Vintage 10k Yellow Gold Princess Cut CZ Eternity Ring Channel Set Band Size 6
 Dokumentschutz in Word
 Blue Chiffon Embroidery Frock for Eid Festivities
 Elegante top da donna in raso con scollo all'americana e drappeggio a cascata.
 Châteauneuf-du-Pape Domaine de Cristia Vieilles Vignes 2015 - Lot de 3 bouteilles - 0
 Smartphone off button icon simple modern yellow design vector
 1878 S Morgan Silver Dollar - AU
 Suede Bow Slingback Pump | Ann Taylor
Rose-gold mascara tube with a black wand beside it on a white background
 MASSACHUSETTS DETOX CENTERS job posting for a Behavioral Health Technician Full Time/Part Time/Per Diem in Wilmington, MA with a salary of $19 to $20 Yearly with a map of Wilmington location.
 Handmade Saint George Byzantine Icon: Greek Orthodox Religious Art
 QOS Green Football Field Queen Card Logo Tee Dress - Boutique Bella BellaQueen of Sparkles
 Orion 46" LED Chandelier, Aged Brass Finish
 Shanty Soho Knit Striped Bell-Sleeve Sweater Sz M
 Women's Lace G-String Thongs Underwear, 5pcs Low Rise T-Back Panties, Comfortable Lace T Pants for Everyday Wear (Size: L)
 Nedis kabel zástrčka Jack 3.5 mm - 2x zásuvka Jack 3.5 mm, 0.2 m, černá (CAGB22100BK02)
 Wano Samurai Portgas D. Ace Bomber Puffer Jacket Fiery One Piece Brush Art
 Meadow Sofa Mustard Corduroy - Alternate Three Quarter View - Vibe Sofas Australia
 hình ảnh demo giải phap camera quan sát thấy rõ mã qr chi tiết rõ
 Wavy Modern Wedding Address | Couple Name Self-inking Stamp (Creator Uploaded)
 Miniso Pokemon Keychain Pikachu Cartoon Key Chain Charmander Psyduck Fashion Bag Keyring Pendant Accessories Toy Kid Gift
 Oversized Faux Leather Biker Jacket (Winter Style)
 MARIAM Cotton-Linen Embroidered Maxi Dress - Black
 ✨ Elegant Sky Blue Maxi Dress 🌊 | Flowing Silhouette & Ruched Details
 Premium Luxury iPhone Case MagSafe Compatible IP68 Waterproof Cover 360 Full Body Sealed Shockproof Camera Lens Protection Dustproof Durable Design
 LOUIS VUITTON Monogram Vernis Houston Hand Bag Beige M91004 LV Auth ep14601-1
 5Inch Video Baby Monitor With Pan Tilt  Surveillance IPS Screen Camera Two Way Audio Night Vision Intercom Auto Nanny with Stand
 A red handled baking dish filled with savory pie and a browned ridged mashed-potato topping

▶ **Task brief**:
From the entries, copy every line in which the string "with" can be found.

▶ **Result**:
Rose-gold mascara tube with a black wand beside it on a white background
 MASSACHUSETTS DETOX CENTERS job posting for a Behavioral Health Technician Full Time/Part Time/Per Diem in Wilmington, MA with a salary of $19 to $20 Yearly with a map of Wilmington location.
 5Inch Video Baby Monitor With Pan Tilt  Surveillance IPS Screen Camera Two Way Audio Night Vision Intercom Auto Nanny with Stand
 A red handled baking dish filled with savory pie and a browned ridged mashed-potato topping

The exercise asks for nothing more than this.